As soon as The Chemist closed their set with their rockin’ cover of John Lennon’s How Do You Sleep, the crowd surged forward to secure their places for the main act. After a brief pause, some orchestral string music heralded the arrival of the main act who then took the stage. Singer John Bramwell quickly explained that jet lag is a sensation akin to being attacked by “time vampires”, before launching into From Your Favourite Sky, a crowd pleaser from 2003’s I Am Kloot. What followed was a set of very pleasant and faithful renditions of select numbers from the group’s entire back catalogue, with the crowd lapping up Bramwell’s every word and gesture. He apologised at one point for not being able to perform a shouted request from their latest album as it “involves about a 21-piece orchestra”, lamenting the fact that this time they couldn’t afford to bring over all the additional players that had been part of their UK tour.

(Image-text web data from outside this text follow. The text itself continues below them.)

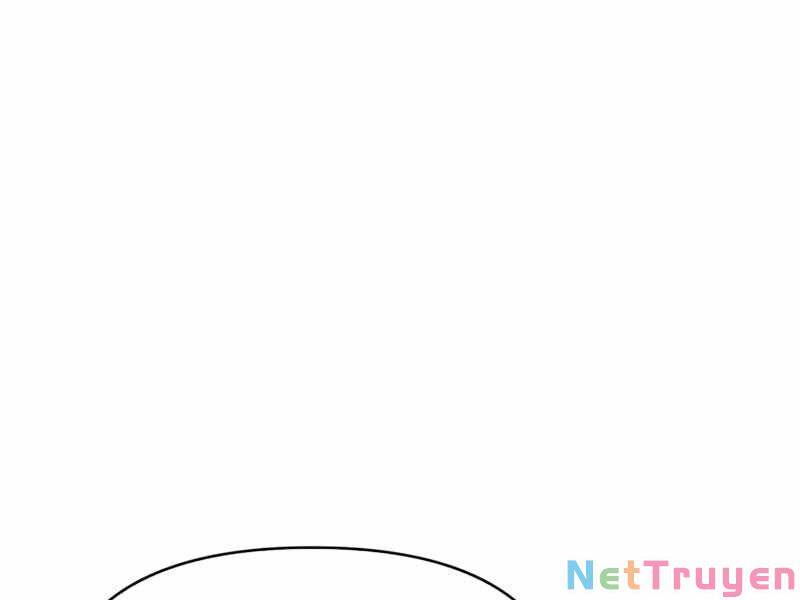 Kí Sự Hồi Quy Chapter 35 37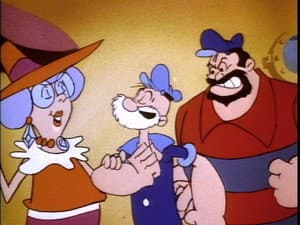 Episodio 38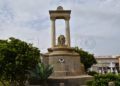 cementerio-dia-todos-santos-001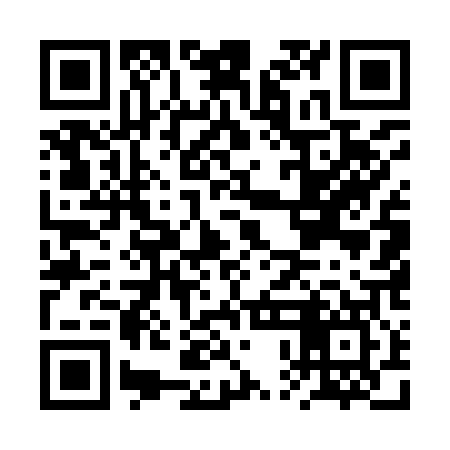 QR code for BPE907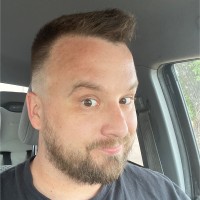 Clint Bennett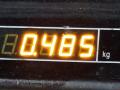 9682306380, 9682306680 Защита (кожух) ремня ГРМ Citroen C8 2010г. - фото №4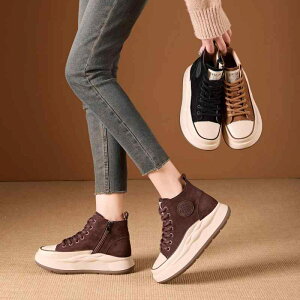 C fB[X  nCJbg Xj[J[ H~ g zF EhgD 4cmq[ S g h JWA  ubN uE L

I Am Kloot have been a band since 1999, and watching them together on stage, it is obvious the effect that all these years together have had. They conduct themselves with self-assurance, both in their material and in each other, which is particularly poignant when (admittedly unfairly) compared to the much younger opening band’s nervous, energetic concentration. The Kloot’s relaxed and natural stage presence is an admirable quality in a band of this particular style, a style which they have perfected over the course of six albums (seven counting a Peel Sessions CD), encompassing folk, pop, rock and a distinctive touch of jazz.
Throughout the night, Peter Jobson sits, hunched over his bass guitar, rocking gently back and forth, almost folding himself into his instrument. Andy Hargreaves meanwhile appears completely in control of his flailing limbs, exhibiting an impressive dynamic control which lends the band their jazzy flourishes, as he moves seamlessly from light snare taps to crashing cymbals to straight pounding rock and then back into jazz/blues shuffles. Throughout all of this, John Bramwell croons in his distinctively hoarse and nasally Mancunian accent, telling tales of desperation, drink, love, and the morning rain. He plays an acoustic guitar throughout the majority of the set, explaining that it was only possible to bring one this time, switching to electric on but a few notably louder tunes, such as the octave split, wah-wah rock anthem Life in a Day. Other highlights included his solo acoustic rendition of Still Do, from Sky At Night, a very energetic Twist (a song which features the classic opening lines ‘Twisted on destiny, fate and three wishes, we fuck and we fight, someone else does the dishes’), and the raw atmosphere of Storm Warning.
At this point the band attempted to leave the stage, however, as most people who’ve been to see a show at the East before will know, passage to the bandroom requires walking off the stage and through the pub. I Am Kloot clearly weren’t aware of this, as John Bramwell searched through curtain attempting to find a non-existent door. Failing this, the band dismounted the stage, as calls for an encore began to die give way to muttered confusion, and headed towards the Lygon Street exit, only to be stopped by a rather large Scottish lad who told the singer to “get back on the stage ya daft c##t”. A perplexed band promptly turned about face and returned to their instruments, issuing us a final farewell with the beautiful (and by the crowd response, popular) To You, all the while casting slightly worried and jet-lagged looks at this strange, foreign audience.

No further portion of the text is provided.